*** Begin section ***
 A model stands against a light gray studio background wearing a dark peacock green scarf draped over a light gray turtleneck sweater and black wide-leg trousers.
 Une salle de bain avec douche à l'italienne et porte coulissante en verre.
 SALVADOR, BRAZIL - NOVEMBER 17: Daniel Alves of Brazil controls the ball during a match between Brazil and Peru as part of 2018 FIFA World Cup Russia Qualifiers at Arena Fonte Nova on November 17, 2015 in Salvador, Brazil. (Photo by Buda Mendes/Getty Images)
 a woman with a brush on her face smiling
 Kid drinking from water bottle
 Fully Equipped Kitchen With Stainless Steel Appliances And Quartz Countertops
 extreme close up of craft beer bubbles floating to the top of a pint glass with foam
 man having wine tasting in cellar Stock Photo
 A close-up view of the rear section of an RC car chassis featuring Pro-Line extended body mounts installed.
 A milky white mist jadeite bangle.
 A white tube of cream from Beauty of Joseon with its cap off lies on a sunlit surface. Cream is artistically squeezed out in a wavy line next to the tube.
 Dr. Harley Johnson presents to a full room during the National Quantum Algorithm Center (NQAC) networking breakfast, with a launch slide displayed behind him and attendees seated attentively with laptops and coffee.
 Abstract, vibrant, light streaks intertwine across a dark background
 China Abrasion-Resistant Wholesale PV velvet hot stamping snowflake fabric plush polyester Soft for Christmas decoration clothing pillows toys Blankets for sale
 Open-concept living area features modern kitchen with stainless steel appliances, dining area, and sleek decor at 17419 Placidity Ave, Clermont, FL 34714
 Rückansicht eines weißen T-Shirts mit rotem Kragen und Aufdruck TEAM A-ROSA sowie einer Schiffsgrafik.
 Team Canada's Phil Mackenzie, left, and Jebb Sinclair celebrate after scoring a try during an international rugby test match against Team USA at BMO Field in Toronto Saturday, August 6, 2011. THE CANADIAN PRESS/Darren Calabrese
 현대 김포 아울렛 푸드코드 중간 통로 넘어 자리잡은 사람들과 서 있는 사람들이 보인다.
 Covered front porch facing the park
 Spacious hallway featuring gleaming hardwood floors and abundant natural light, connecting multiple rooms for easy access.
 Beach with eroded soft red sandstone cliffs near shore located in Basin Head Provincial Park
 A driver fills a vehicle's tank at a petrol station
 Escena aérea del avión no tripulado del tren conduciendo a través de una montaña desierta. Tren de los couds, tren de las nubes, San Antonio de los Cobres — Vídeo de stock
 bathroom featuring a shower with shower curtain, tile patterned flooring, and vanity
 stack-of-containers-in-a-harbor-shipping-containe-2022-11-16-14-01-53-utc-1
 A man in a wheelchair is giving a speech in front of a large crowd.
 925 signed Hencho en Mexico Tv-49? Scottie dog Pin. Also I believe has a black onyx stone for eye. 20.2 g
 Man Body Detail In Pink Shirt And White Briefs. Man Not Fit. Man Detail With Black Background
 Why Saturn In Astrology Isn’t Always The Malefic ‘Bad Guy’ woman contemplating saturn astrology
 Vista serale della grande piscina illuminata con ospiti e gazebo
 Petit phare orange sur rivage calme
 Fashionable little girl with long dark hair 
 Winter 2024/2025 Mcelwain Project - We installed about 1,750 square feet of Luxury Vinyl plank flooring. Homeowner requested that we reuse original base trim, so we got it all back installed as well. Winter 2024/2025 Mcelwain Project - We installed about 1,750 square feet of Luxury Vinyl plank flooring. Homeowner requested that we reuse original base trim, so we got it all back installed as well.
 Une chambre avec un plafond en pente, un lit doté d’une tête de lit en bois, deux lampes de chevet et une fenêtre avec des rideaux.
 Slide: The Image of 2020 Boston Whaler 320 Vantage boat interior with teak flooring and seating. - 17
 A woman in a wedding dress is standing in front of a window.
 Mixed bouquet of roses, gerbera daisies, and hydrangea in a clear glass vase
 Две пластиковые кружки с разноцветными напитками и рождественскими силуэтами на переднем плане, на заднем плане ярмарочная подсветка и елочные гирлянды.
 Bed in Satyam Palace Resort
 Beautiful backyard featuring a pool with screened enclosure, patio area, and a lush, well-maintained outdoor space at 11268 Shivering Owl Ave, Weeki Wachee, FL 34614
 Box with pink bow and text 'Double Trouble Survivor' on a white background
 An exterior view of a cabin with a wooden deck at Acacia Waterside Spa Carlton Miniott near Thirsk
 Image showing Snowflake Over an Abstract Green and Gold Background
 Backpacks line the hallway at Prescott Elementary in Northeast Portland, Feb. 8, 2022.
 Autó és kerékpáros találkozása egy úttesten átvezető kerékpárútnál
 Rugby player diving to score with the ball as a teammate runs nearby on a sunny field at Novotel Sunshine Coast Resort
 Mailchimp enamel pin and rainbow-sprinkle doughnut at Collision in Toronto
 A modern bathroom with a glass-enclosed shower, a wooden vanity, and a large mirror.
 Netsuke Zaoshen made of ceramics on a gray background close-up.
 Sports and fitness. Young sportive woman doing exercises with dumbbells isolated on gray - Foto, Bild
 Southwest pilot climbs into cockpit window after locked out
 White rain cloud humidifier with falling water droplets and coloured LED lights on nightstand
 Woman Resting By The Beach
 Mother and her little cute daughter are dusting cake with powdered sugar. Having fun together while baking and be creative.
*** End section ***
The full listing is to be printed again exactly as it stands.

 A model stands against a light gray studio background wearing a dark peacock green scarf draped over a light gray turtleneck sweater and black wide-leg trousers.
 Une salle de bain avec douche à l'italienne et porte coulissante en verre.
 SALVADOR, BRAZIL - NOVEMBER 17: Daniel Alves of Brazil controls the ball during a match between Brazil and Peru as part of 2018 FIFA World Cup Russia Qualifiers at Arena Fonte Nova on November 17, 2015 in Salvador, Brazil. (Photo by Buda Mendes/Getty Images)
 a woman with a brush on her face smiling
 Kid drinking from water bottle
 Fully Equipped Kitchen With Stainless Steel Appliances And Quartz Countertops
 extreme close up of craft beer bubbles floating to the top of a pint glass with foam
 man having wine tasting in cellar Stock Photo
 A close-up view of the rear section of an RC car chassis featuring Pro-Line extended body mounts installed.
 A milky white mist jadeite bangle.
 A white tube of cream from Beauty of Joseon with its cap off lies on a sunlit surface. Cream is artistically squeezed out in a wavy line next to the tube.
 Dr. Harley Johnson presents to a full room during the National Quantum Algorithm Center (NQAC) networking breakfast, with a launch slide displayed behind him and attendees seated attentively with laptops and coffee.
 Abstract, vibrant, light streaks intertwine across a dark background
 China Abrasion-Resistant Wholesale PV velvet hot stamping snowflake fabric plush polyester Soft for Christmas decoration clothing pillows toys Blankets for sale
 Open-concept living area features modern kitchen with stainless steel appliances, dining area, and sleek decor at 17419 Placidity Ave, Clermont, FL 34714
 Rückansicht eines weißen T-Shirts mit rotem Kragen und Aufdruck TEAM A-ROSA sowie einer Schiffsgrafik.
 Team Canada's Phil Mackenzie, left, and Jebb Sinclair celebrate after scoring a try during an international rugby test match against Team USA at BMO Field in Toronto Saturday, August 6, 2011. THE CANADIAN PRESS/Darren Calabrese
 현대 김포 아울렛 푸드코드 중간 통로 넘어 자리잡은 사람들과 서 있는 사람들이 보인다.
 Covered front porch facing the park
 Spacious hallway featuring gleaming hardwood floors and abundant natural light, connecting multiple rooms for easy access.
 Beach with eroded soft red sandstone cliffs near shore located in Basin Head Provincial Park
 A driver fills a vehicle's tank at a petrol station
 Escena aérea del avión no tripulado del tren conduciendo a través de una montaña desierta. Tren de los couds, tren de las nubes, San Antonio de los Cobres — Vídeo de stock
 bathroom featuring a shower with shower curtain, tile patterned flooring, and vanity
 stack-of-containers-in-a-harbor-shipping-containe-2022-11-16-14-01-53-utc-1
 A man in a wheelchair is giving a speech in front of a large crowd.
 925 signed Hencho en Mexico Tv-49? Scottie dog Pin. Also I believe has a black onyx stone for eye. 20.2 g
 Man Body Detail In Pink Shirt And White Briefs. Man Not Fit. Man Detail With Black Background
 Why Saturn In Astrology Isn’t Always The Malefic ‘Bad Guy’ woman contemplating saturn astrology
 Vista serale della grande piscina illuminata con ospiti e gazebo
 Petit phare orange sur rivage calme
 Fashionable little girl with long dark hair 
 Winter 2024/2025 Mcelwain Project - We installed about 1,750 square feet of Luxury Vinyl plank flooring. Homeowner requested that we reuse original base trim, so we got it all back installed as well. Winter 2024/2025 Mcelwain Project - We installed about 1,750 square feet of Luxury Vinyl plank flooring. Homeowner requested that we reuse original base trim, so we got it all back installed as well.
 Une chambre avec un plafond en pente, un lit doté d’une tête de lit en bois, deux lampes de chevet et une fenêtre avec des rideaux.
 Slide: The Image of 2020 Boston Whaler 320 Vantage boat interior with teak flooring and seating. - 17
 A woman in a wedding dress is standing in front of a window.
 Mixed bouquet of roses, gerbera daisies, and hydrangea in a clear glass vase
 Две пластиковые кружки с разноцветными напитками и рождественскими силуэтами на переднем плане, на заднем плане ярмарочная подсветка и елочные гирлянды.
 Bed in Satyam Palace Resort
 Beautiful backyard featuring a pool with screened enclosure, patio area, and a lush, well-maintained outdoor space at 11268 Shivering Owl Ave, Weeki Wachee, FL 34614
 Box with pink bow and text 'Double Trouble Survivor' on a white background
 An exterior view of a cabin with a wooden deck at Acacia Waterside Spa Carlton Miniott near Thirsk
 Image showing Snowflake Over an Abstract Green and Gold Background
 Backpacks line the hallway at Prescott Elementary in Northeast Portland, Feb. 8, 2022.
 Autó és kerékpáros találkozása egy úttesten átvezető kerékpárútnál
 Rugby player diving to score with the ball as a teammate runs nearby on a sunny field at Novotel Sunshine Coast Resort
 Mailchimp enamel pin and rainbow-sprinkle doughnut at Collision in Toronto
 A modern bathroom with a glass-enclosed shower, a wooden vanity, and a large mirror.
 Netsuke Zaoshen made of ceramics on a gray background close-up.
 Sports and fitness. Young sportive woman doing exercises with dumbbells isolated on gray - Foto, Bild
 Southwest pilot climbs into cockpit window after locked out
 White rain cloud humidifier with falling water droplets and coloured LED lights on nightstand
 Woman Resting By The Beach
 Mother and her little cute daughter are dusting cake with powdered sugar. Having fun together while baking and be creative.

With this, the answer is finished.